Re: Unable to associate with wifi AP until channel changed on AP

2013-12-26 Thread Eike Lantzsch
On Wednesday 25 December 2013 21:25:56 electronmuontau neutrino wrote:
  Sorry for late answer - had some problems with my ISP.
  
  On Sunday 22 December 2013 01:42:09 electronmuontau neutrino 
wrote:
   I have two machines configured as wifi access points that use
   the
   athn(4) driver.  One is an Acer Aspire One D250 and the other is
   an
   ALIX.2D13 with a Compex WLM200NX Atheros 802.11 a/b/g/n miniPCI
   card.  Both have OpenBSD 5.4 release installed.  I've been able
   to
   reproduce the problem reliably on both.  The following is one
   procedure I used to test the problem:
   
   -boot machine with athn down
   
   $ ifconfig athn0
   athn0: flags=8802BROADCAST,SIMPLEX,MULTICAST mtu 1500
   
   lladdr: xx:xx:xx:xx:xx:xx
   priority: 4
   groups: wlan
   media: IEEE802.11 autoselect
   status: no network
   ieee80211: nwid 
   
   $ sudo ifconfig athn0 inet 192.168.2.1 255.255.255.0 nwid
   
   1234567890 wpakey keykeykey mediaopt hostap
   
   $ ifconfig athn0
   athn0: flags=8843UP,BROADCAST,RUNNING,SIMPLEX,MULTICAST
   mtu
   
   1500 lladdr: xx:xx:xx:xx:xx:xx
   
   priority: 4
   groups: wlan
   media: IEEE802.11 autoselect (autoselect hostap)
   status: active
   
   ieee80211: nwid 1234567890 chan 3 bssi xx:xx:xx:xx:xx:x:
It is working on channel 3 = 2422MHz
Sorry - I overlooked this.

Is channel 3 in the range of your client machines?
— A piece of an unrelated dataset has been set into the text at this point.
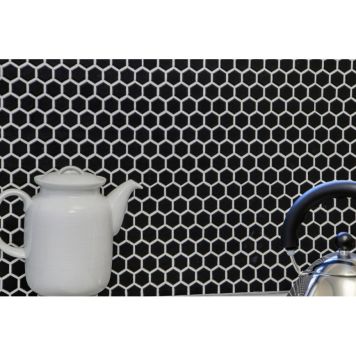 Mosaik Hexagon sort uni mat 30x26 cm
Depending on the 
area it may not be. If your setup works fine with channel 7 then why 
not leaving it at that?

   wpakey not displayed wpaprotos wpa1, wpa2 wpaakms psk
   wpaciphers
   tkip, ccmp wpagroupcipher tkip
   
   inet 192.168.2.1 netmask 0xff00 broadcast
   192.168.2.255
   inet6 ::xxx:::%athn0 pfrefixlen 64
   scopeid
   
   0x1
   
   -edit dhcpd.conf and run dhcpd daemon
   
   $ sudo /usr/sbin/dhcpd athn0
   
   -attempt to associate from MacOSX and WinXP machines
   
   -not able to see nwid on WinXP after refreshing list
   multiple
   
   times -can see nwid on MacOSX, but connection times out when
   trying
   to associate
  
  Down to here you are sending on 5120MHz, right?
 
 I don't know.  How would you determine that?

ifconfig athn0
tells among other info on which channel it is
But you did that already.

ifconfig athn0 chan
tells which channels are available and the corresponding frequencies

 
   -change channel on access point
   
   $ sudo ifconfig athn0 chan 7
  
  Now you switch to 2.4GHz - right?
Yes, because channel 7 is on 2442MHz
  
   -association with AP is successful from MacOSX and WinXP
   machines
   now and IP addresses are assigned
  
  WinXP machine might not work with 5GHz?
  
  Are the antennas suitable for 5GHz? What about signal strength?
  On the MAC it might be useful to install a WiFi scanner which will
  tell you all about signal strength.
  There is a free program called Wifi Scanner in the AppleStore.
  It is very useful.
Please do install this program unless you want to go on fishing in 
the dark. It is very useful to see which channels are less crowded 
and thus being more likely to allow good reception.
On my Android phone I installed Wifi Analyzer which is excellent to 
always being able to see what's going on in the area where you want to 
use wifi.
 
 The antennas I used were from PCEngines - listed as antsma on their
 website. antsma - Antenna for 2.4 GHz band, 5 dBi nominal gain.
 Reverse SMA connector.
 
 They do have another antenna, antsmadb, that is dual band which I
 don't have. antsmadb - Antenna for 2.4 GHz and 5 GHz band, 5 dBi
 peak gain in 2.4 GHz band. Reverse SMA connector.
This antenna is definitely needed if the 5GHz band is used.
PCengines is fine but their shipping flunked with the antenna question 
before. They delivered the wrong antennas to me at least ...
Field strength is -79dBm or worse right next to the transmitter using 
the wrong antenna. That is barely above the noise.
But this is moot now.

From their website:
antsma = light colored coax cable inside (look near hinge), 
antsmadb = black coax cable.

 
 I don't think signal strength was an issue because I tested with
 each AP next to the Mac and Windows machines and still had the same
 result.
A 2.4GHz antenna used on the 5GHz band is nothing but an energy sink 
also called a dummy load. Also the transmitter will reduce its output 
power greatly because the reflected wave might damage its final stage.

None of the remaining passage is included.